Entretanto, os dirigentes perderam os seus postos de trabalho e tiveram de desistir de todos os recursos interpostos para receberem indemnizações. Mas, de acordo com a FDIC, os quatro responsáveis ainda receberam mais de 95 milhões de dólares entre Janeiro de 2005 e Setembro de 2008. Ou seja, saem desta história com as carteiras recheadas. É isto que acontece quando os administradores financeiros são recompensados por uma rendibilidade dos capitais próprios ["return on equity"] não ajustada aos riscos. Quando as coisas estão bem, os administradores aproveitam a onda. Quando os riscos de queda se materializam, não perdem nada (ou quase nada).

Ao mesmo tempo, as suas acções – e as acções semelhantes por parte de outros banqueiros – foram directamente responsáveis tanto pelo grande aumento dos preços das casas como pelo colapso destruidor que se seguiu.

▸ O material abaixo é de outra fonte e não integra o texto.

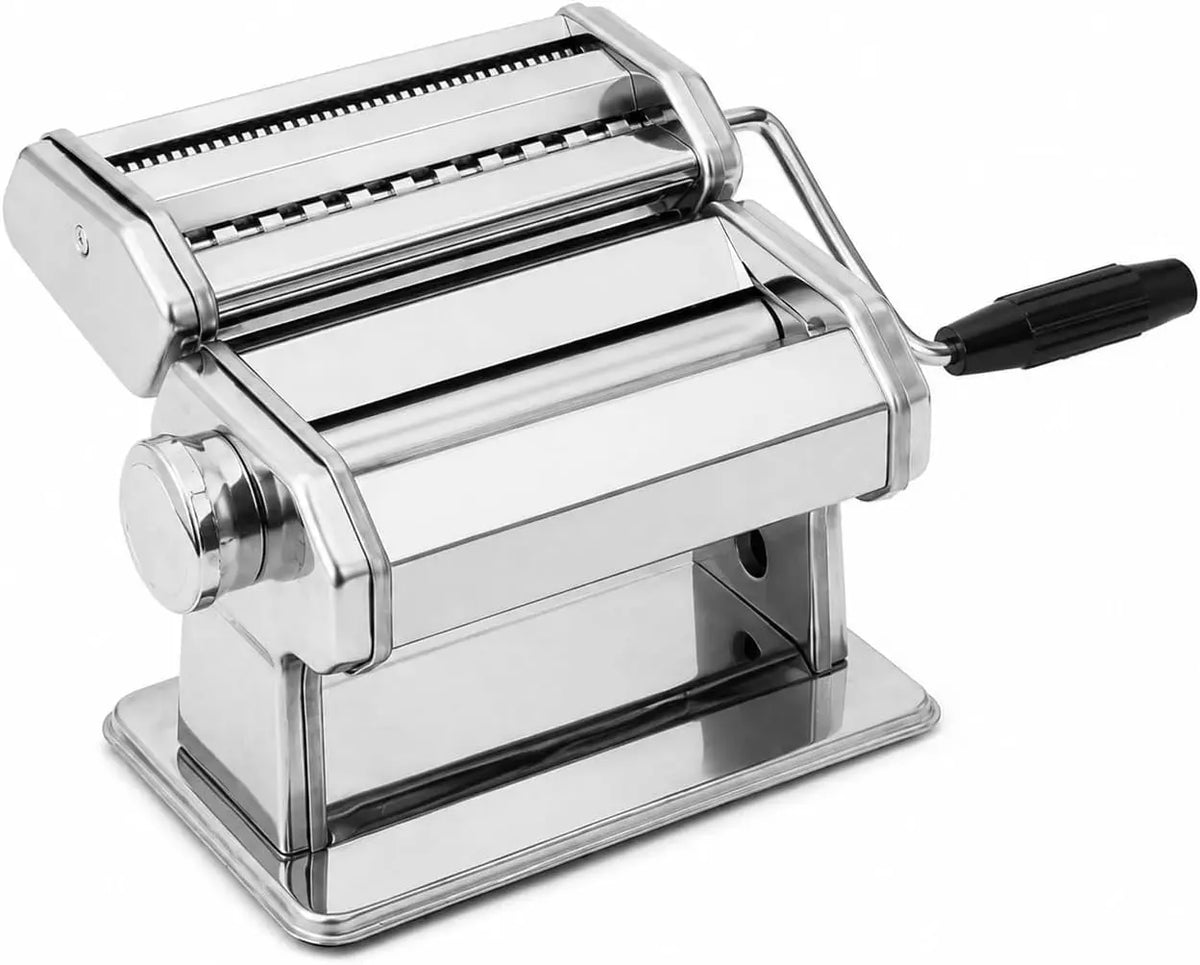 Nudelmaschine Silber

Tal colapso teve um impacto bastante negativo naqueles que não eram banqueiros, incluindo a perda de mais de 8 milhões de postos de trabalho.

Isto também conduziu à austeridade – os impostos estão a subir e a despesa pública está a cair a nível local e estatal, um pouco por todo o país. A nível federal, o difícil debate orçamental acabará por acontecer, mas, para já, os cortes e as contracções de vários tipos parecem prováveis.

Algumas pessoas defendem que os americanos precisam de apertar o cinto. É uma discussão interessante, particularmente numa altura em que o desemprego ainda está acima de 8% (as recentes quedas na taxa devem-se, principalmente, à decisão de vários desempregados de deixarem de procurar por um emprego e abandonarem, assim, a força de trabalho). Dificilmente, uma austeridade irreflectida pode ajudar a economia a retornar a elevados níveis de emprego.

Mas, e o que dizer do apoio estatal aos grandes bancos? Está ele a contrair, à luz das nossas actuais pressões orçamentais? Infelizmente, não, não está. Muito do apoio estatal continua, implicitamente, ao permitir que os bancos sejam "demasiado grandes para falir", e explicitamente, através de vários tipos de apoio fornecidos pela Reserva Federal.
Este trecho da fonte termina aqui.